If you like brownies and cinnamon rolls, then my Cinnamon Roll Bars are for you.
These bars combine the fudgy texture of brownies with the warm spice of a cinnamon rolls.
And they’re asolutely amazing.
Cinnamon Roll Bars: the Secret Ingredient
The secret ingredient that makes these bars so irrestistable is Crisco.
I’m not usually one to bake with Crisco or vegetable shortening—unless it’s pie crust we’re talking about—but the circumstances of 2020 led many of us to get creative with ingredients that have long pantry shelf lives.
For me, that meant baking with Crisco.
I’ve made these bars with butter, and though still delicious, the texture is just not the same. With butter, these Cinnamon Roll Bars lose that fudgy brownine texture. There’s something about Crisco that makes these bars fudgy once they’ve had a chance to cool.
So definitely don’t skip this step!
Cool these bars for at least 30 minutes. But if you can let them cool longer, say for an hour or two, do it. The texture will just get fudgier.
"The Most Important Invention"
Remember that scene in The Help (2011) when Minnie tells Celia that Crisco is a miracle product for just about anything imaginable?
Well, I’m not going to tell you to go rub some Crisco on your face, but when it comes to these bars, it’s definitely Crisco all the way.
Make These Cinnamon Roll Bars!
Make these bars as a delicious dessert to look forward to, or enjoy them as a sweet mid-day pick-me-up.
And if you’re like me, you may even find yourself sneaking a bar or two for breakfast before your daughter wakes up and gets you in trouble… 😆❣️😋
One Thing: The Cinnamon
If you have it, use Ceylon cinnamon here. I much prefer the taste of Ceylon cinnamon to cassia cinnamon (the one you find in the grocery store). Ceylon cinnamon is a bit sweeter, and it’s actually healthier than cassia cinnamon. If you don’t have ceylon cinnamon you can find my favorite brand here on Amazon [aff. link]. But of course, feel free to use cassia cinnamon/whatever cinnamon you have on hand.

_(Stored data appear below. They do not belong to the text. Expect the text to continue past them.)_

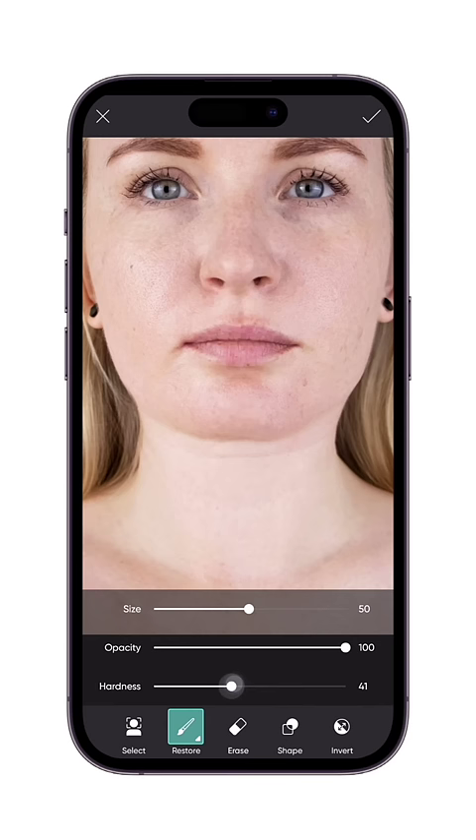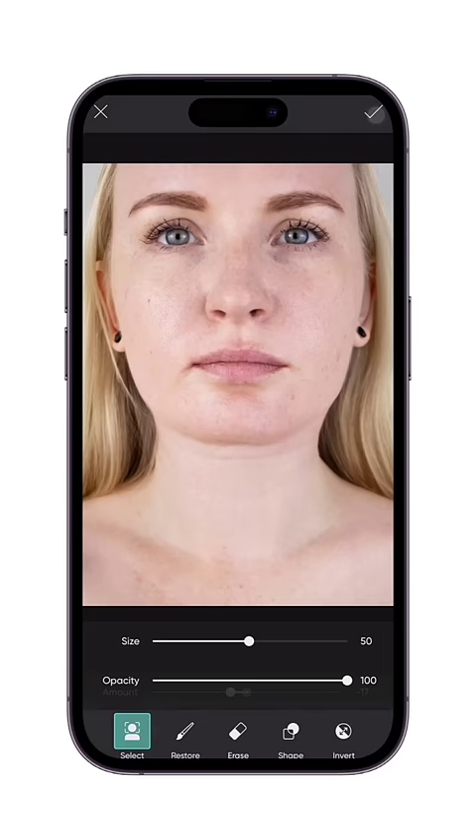Now select the restore brush tool and start brushing under the chin, keeping the hardness lower. After that, save the image into your gallery.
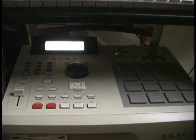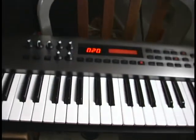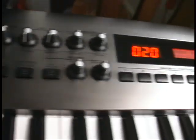Now what we have here is the MPC-2000XL. What we have here is the Roland RS9 64 voice synthesizer. Yeah. It's very nice. Very cool thing.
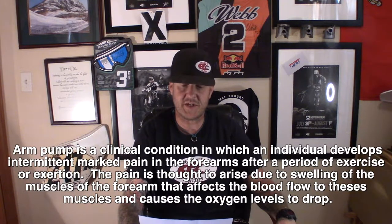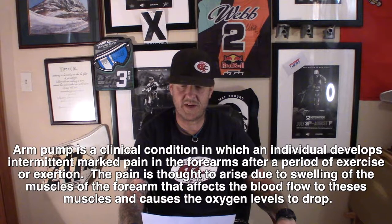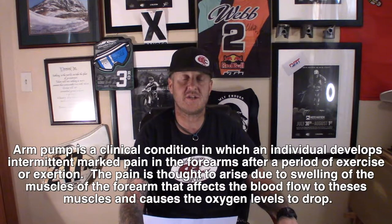Let me read you what exactly the scientific definition of arm pump is. The scientific term for it is chronic exertional compartment syndrome. Arm pump is a clinical condition in which an individual develops an intermittent marked pain in the forearms after a period of exercise or exertion. The pain is thought to arise due to swelling of the muscles in the forearm that affects the blood flow to these muscles and causes the oxygen levels to drop.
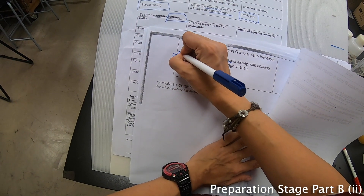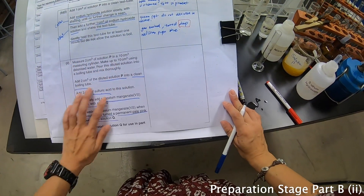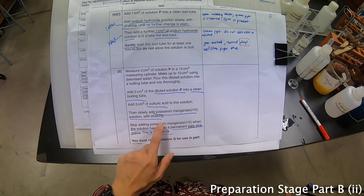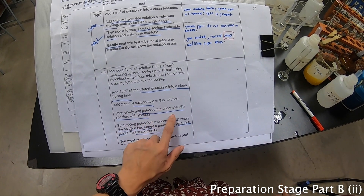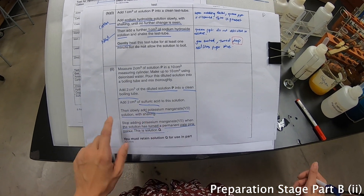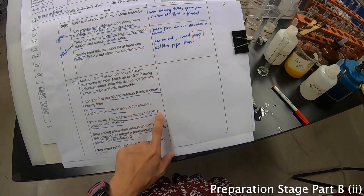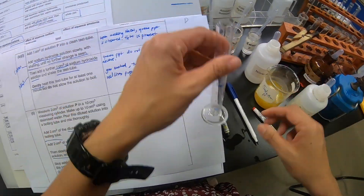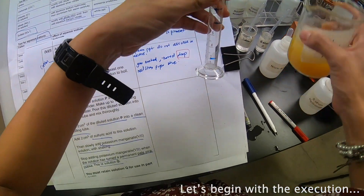I'm going to write a small note here. Some of you will be wondering: Ms Selena, what exactly are they testing? Well, they are actually acidifying the potassium manganate. Potassium manganate is an oxidizing agent. We already know this is Fe²⁺, so most likely they are changing it to Fe³⁺. Whether it is or not, we don't know — we have to do the experiment and see.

These bars will still be delicious.
Cinnamon Roll Bars
For the wet ingredients:
- ¾ cup Crisco or vegetable shortening, room temperature
- 1 cup sugar
- ½ cup brown sugar
- ¾ cup canola oil
- 2 eggs
- ½ cup almond milk, (or milk of choice)
- 2 tsp vanilla
For the dry ingredients:
- 2 cups flour
- ½ tsp salt
- ½ tsp baking soda
- 3 tsp cinnamon
For the icing
- 1 cup powdered sugar
- 2 Tbsp almond milk
- ¼ tsp vanilla
- dash of salt
Mix the wet ingredients
- To a large mixing bowl, add the Crisco/vegetable shortening, sugar, and brown sugar. With a fork, mix the shortening and sugars together until the mixture gets clumpy.
- Now whisk in the oil and almond milk, until the mixture is mostly smooth.
- Next, add the eggs and vanilla extract, and again whisk until the batter is smooth. There will still be a few lumps of shortening, and that's ok.
Add the dry ingredients
- Now add the flour, baking soda, salt, and cinnamon. Mix until the dry ingredients are just incorporated into the we ingredients, taking care not to over-mix.
Bake the bars
- Preheat the oven to 350 degrees.
- Grease a 9x13 inch glass baking dish, and pour the Cinnamon Roll Bar batter evenly into the baking dish.
- Bake the Cinnamon Roll Bars for 35 minutes, until a toothpick inserted in the middle comes out mostly clean.
Make the icing
- While the Cinnamon Roll Bars cool, make the icing.
- To a medium-sized bowl, add the powdered sugar, vanilla, almond milk, and salt. Whisk together with a fork until the icing is completely smooth. The consistency should be thick but pourable.
- If the icing seems too thick, add just a touch (a little goes a long way!) more milk. If the icing seems too thin, add a bit more powdered sugar.
Ice the bars
- Let the Cinnamon Roll Bars cool for five minutes, then ice them as desired. Ice the top of the bars completely, or dip a butter knife in the icing, and drizzle it over the top of the bars.
Serve and enjoy!
- Let the bars cool for at least 30 minutes, then cut in squares and serve!